Los primeros parecen ser tropas regulares de duendes, estructuradas y organizadas.
—Ciertamente, aunque en realidad esto no es nada nuevo. En las últimas décadas, los gremios de aventureros de las distintas regiones han encontrado a menudo rastros de tótems de duendes tribales a lo largo de miles de kilómetros de las tierras fronterizas.
—Las invasiones a gran escala han cesado, pero la frecuencia de las infiltraciones y los sondeos a pequeña escala ha aumentado.
El anciano suspiró, sus dedos tamborileaban inconscientemente sobre la mesa, organizando sus pensamientos, y continuó hablando.
—Estas naciones de duendes con civilizaciones ya establecidas son mucho más pacientes de lo que imaginamos.

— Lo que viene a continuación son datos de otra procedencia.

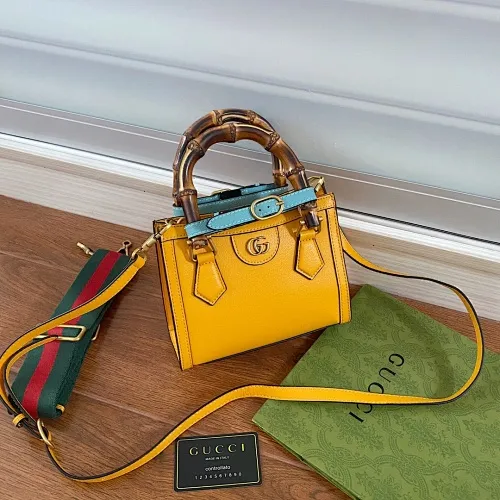 All categories Official website "Brand Women's Bags" Women's Bags 💙 GUCCI 2022 Official New Gucci Mini Tote Bag Wholesale 58002000 High Quality Specifications: 20-16-10CM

Siguen enviando «pequeños grupos» como si fueran semillas, portando tótems que representan sus habilidades, y expedicionan hasta aquí con el mero propósito de intentar incubar nidos a lo largo de las extensas fronteras.
Gauss miró con calma al anciano, esperando a que continuara.
El anciano hizo una pausa.
—Estas «semillas» podrían ser tan solo un Chamán y un jinete de élite, que traen consigo una o varias docenas de Guerreros para luego integrar rápidamente a las tribus de duendes salvajes locales y armarlas de una forma organizativa más avanzada, hasta formar una fuerza nada desdeñable.
—Es posible que el equipo de exploración geológica desaparecido se haya topado con una de estas fuerzas de duendes locales, organizada por la tribu «Diente Negro».
—Esta comisión requiere que se investigue la causa del incidente y se purgue esa organización en ciernes.
El anciano concluyó su narración y su mirada se posó en Gauss.
—Entiendo las preocupaciones del Gremio —dijo Gauss lentamente—. Si la tribu «Diente Negro» está realmente operando en la sombra, entonces el nivel de amenaza y… el impacto, ciertamente, deben manejarse con cautela.
Gauss no se refería solo al poder de combate de los propios grupos de duendes, sino, y más importante, al significado profundo que se escondía tras el tótem de la tribu.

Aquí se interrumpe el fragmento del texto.